Aku, Tia dan Ica sampai di Jogja pukul 15.30.. perjalanan Solo-Jogja hampir semuanya aku habiskan dengan TIDUR. Yeaaah, jalan-jalan ditengah kondisi berpuasa memang mengantukan. Hehe. Setelah tiba di stasiun Jogja, kami langsung menuju loket tiket untuk memesan tiket pulang menuju Solo. (manusia macam apa kita ini?? Baru sampai distasiun sudah langsung beli tiket pulang lagi??) namun , hal tersebuh bukan tanpa alasan tentunya. Kami khawatir tidak bisa pulang ke Solo besok pagi dan ketinggalan kereta ke Semarang. Daaaan jeng jeeeeng sampai diloket tiket kami harus mulai spaneng karena tiket kereta Prambanan Express sudah habis di jam yang kami rencanakan. Tia mulai bingung khawatir tidak bisa pulang ke Semarang. Sementara Ica masih mencoba bernegosiasi dengan petugas tiket. Aku malah tidak terlalu memikirkan masalah tiket, yang penting kita ini lagi di Jogja, nikmati dulu saja. Setelah berdiskusi singkat, aku mengusulkan kalau kita naik kereta dari Jogja ke Solo besok pagi saja. Lalu melanjutkan perjalanan ke semarang dengan bis. Ica dan Tia setuju. Ica kemudaian coba memesan tiket kereta Prambanan Express untuk jam 05.30 besok pagi. Well, tiket pulang sudah ditangan. Tentu saja, keputusan tersebut bukan tanpa konsekuensi. Yapp, konsekuensinya adalaaah kita harus menghabiskan waktu dari sore hingga besok pagi di Jogja. Ngapain? Ya gak tau. Pokoknya kita nikmati aja dulu. Hahaha.

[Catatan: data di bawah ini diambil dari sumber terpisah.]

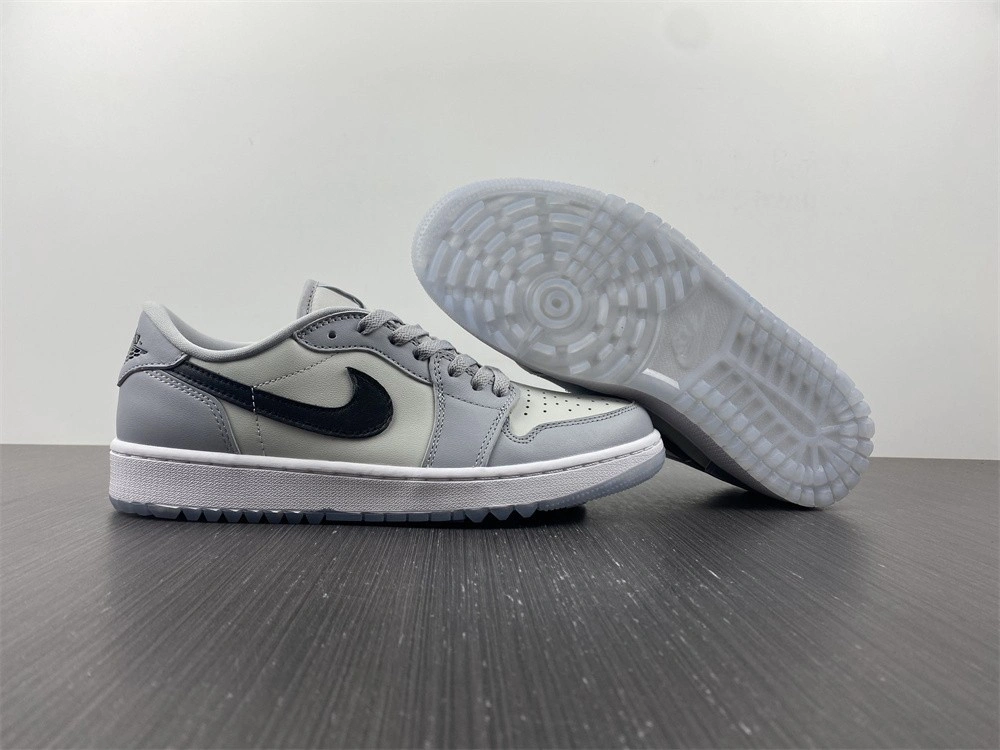 Jordan 1 Retro Low Golf Wolf Grey - DD9315-002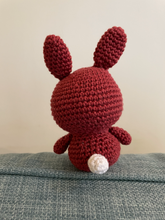 Load image into Gallery viewer, Handcrafted Crochet Bunny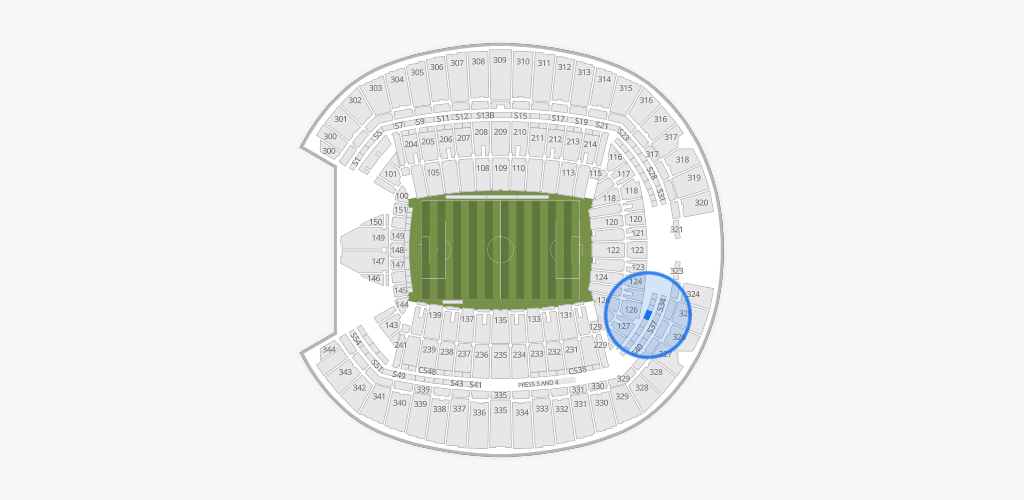 Lumen Field Seating Chart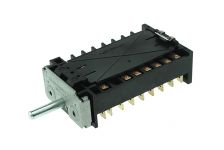 Переключатель режимов духовки GOTTAK 7LA плиты Гефест, Darina, Neva, Tessa, 10 режимов (9+0)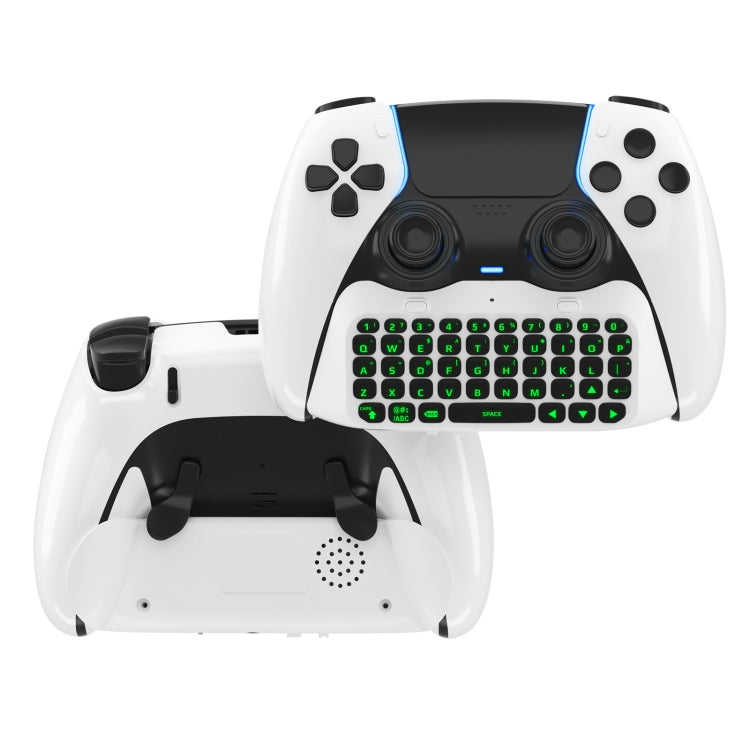 For PS5 JYS-P5172 Gamepad Wireless Bluetooth External Keyboard, Without Gamepad(White) - Others by JYS | Online Shopping South Africa | PMC Jewellery | Buy Now Pay Later Mobicred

                Setelah berjuang dengan loket tiket, kami melanjutkan berjalan kaki menuju pusat belanja Malioboro. Karena waktu sholat ashar sudah menyapa, aku memutuskan mencari masjid sementara mereka katanya mau mencari makan. (heyy!! Kurang ajar sekali. Saat sedang bulan puasa seperti ini sementara aku kehausan, mereka dengan santai meneguk segelas es jeruk dihadapanku.) :D aku kembali dari masjid dan menemukan mereka berdua tengah nangkring di tukang bakso. Diatas meja mereka sudah tergeletak 2 mangkok bakso yang tentu saja sudah habis lengkap dengan 3 gelas kosong disitu. (hey!! Siapa yang sudah menghabiskan 2 gelas es jeruk ini?) mereka minta maaf karena telah makan dan minum didepan orang yang sedang berpuasa sepertiku. Hmmm, baiklah. Itu bukan salah mereka. Wanita selalu punya alasan masuk akal untuk dibenarkan.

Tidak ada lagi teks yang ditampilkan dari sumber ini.